Without the pictures, repeat the listing character for character.

= Supplied data =
========================================================================
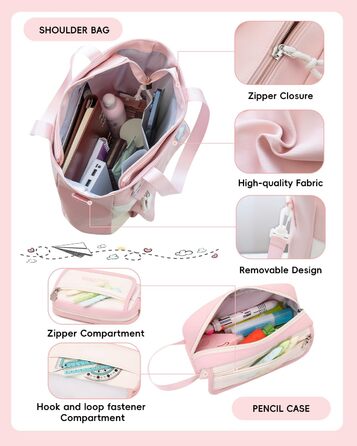 Рюкзак Tanou для дівчаток, шкільний набір: рюкзак, сумка через плече та пенал, casual рюкзак для школи, рожевий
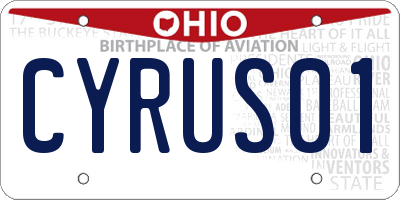 OH license plate CYRUS01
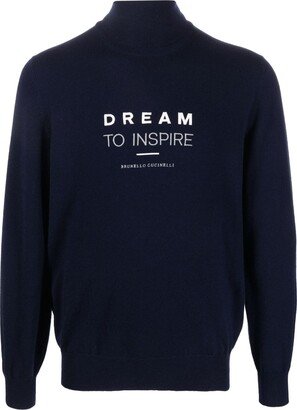 Embroidered-Slogan Cashmere Jumper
========================================================================
= Solution for this problem =
 Рюкзак Tanou для дівчаток, шкільний набір: рюкзак, сумка через плече та пенал, casual рюкзак для школи, рожевий
 OH license plate CYRUS01
 Embroidered-Slogan Cashmere Jumper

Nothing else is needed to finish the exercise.